### Exercise directions
Copy all entries exactly, and wherever an entry holds a picture, leave that picture out.

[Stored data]
════════
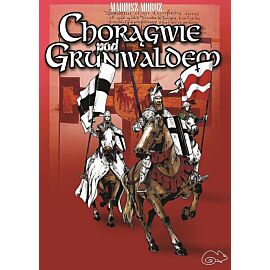 Chorągwie pod Grunwaldem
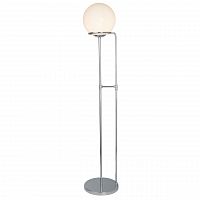 торшер arte lamp bergamo a2990pn-1cc в Улан-Удэ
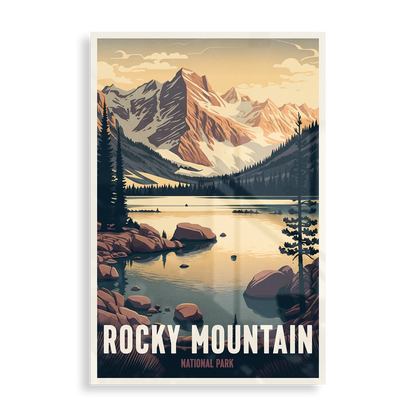 Rocky Mountain, USA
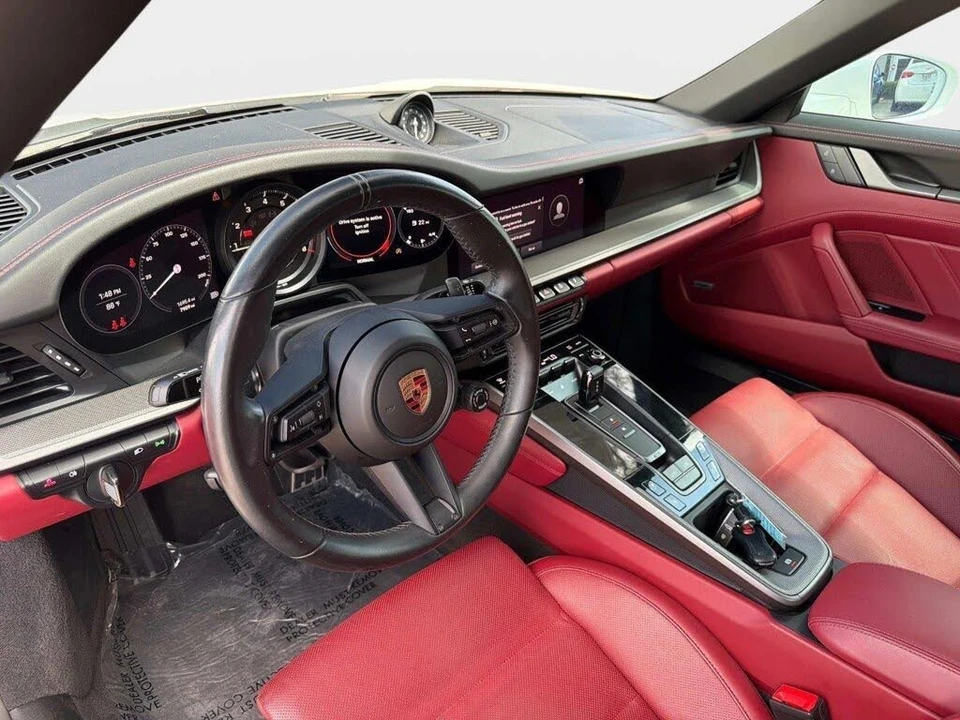 2023 Porsche 992 Targa 4 & 4S - Image 31 of 31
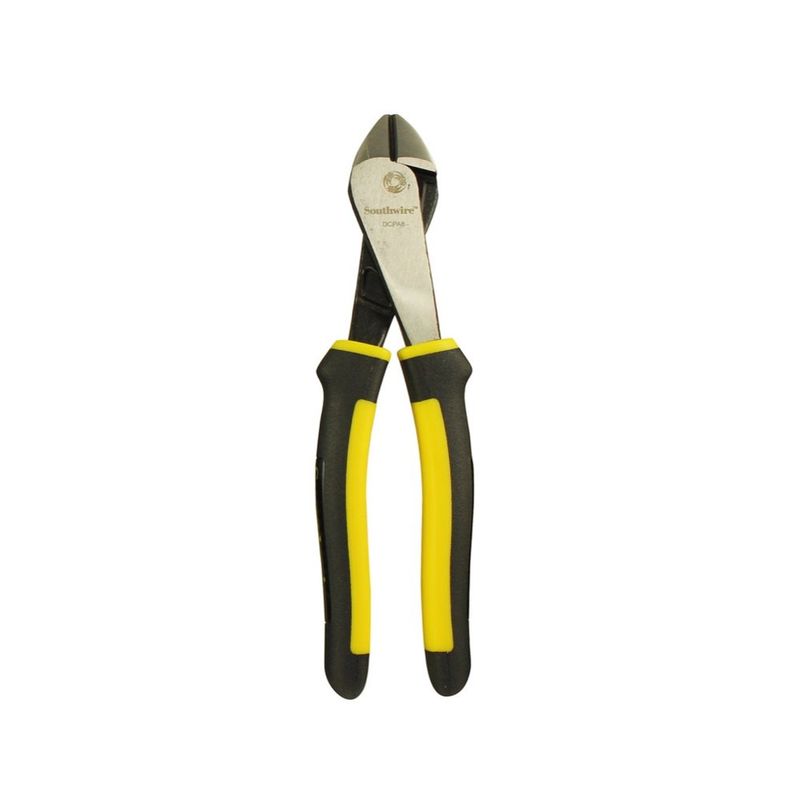 DCPA8, PINZA DE CORTE DIAGONAL 8" ANGULADA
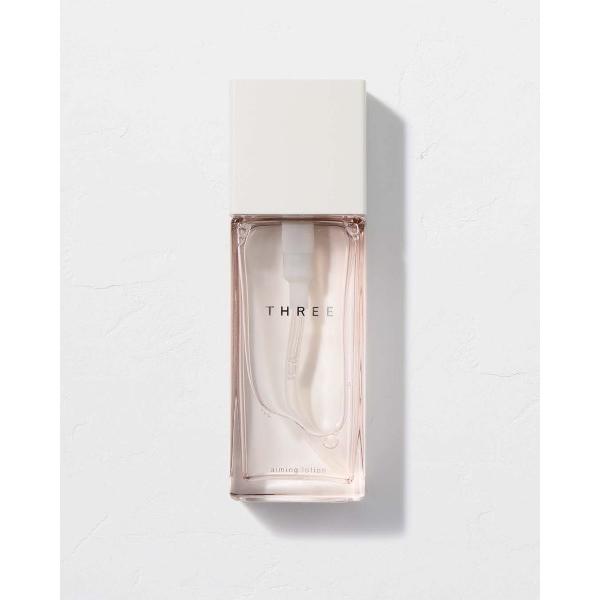 化粧水 スリー THREE エミング ローション Ｒ 140mL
════════
### Written answer
 Chorągwie pod Grunwaldem
 торшер arte lamp bergamo a2990pn-1cc в Улан-Удэ
 Rocky Mountain, USA
 2023 Porsche 992 Targa 4 & 4S - Image 31 of 31
 DCPA8, PINZA DE CORTE DIAGONAL 8" ANGULADA
 化粧水 スリー THREE エミング ローション Ｒ 140mL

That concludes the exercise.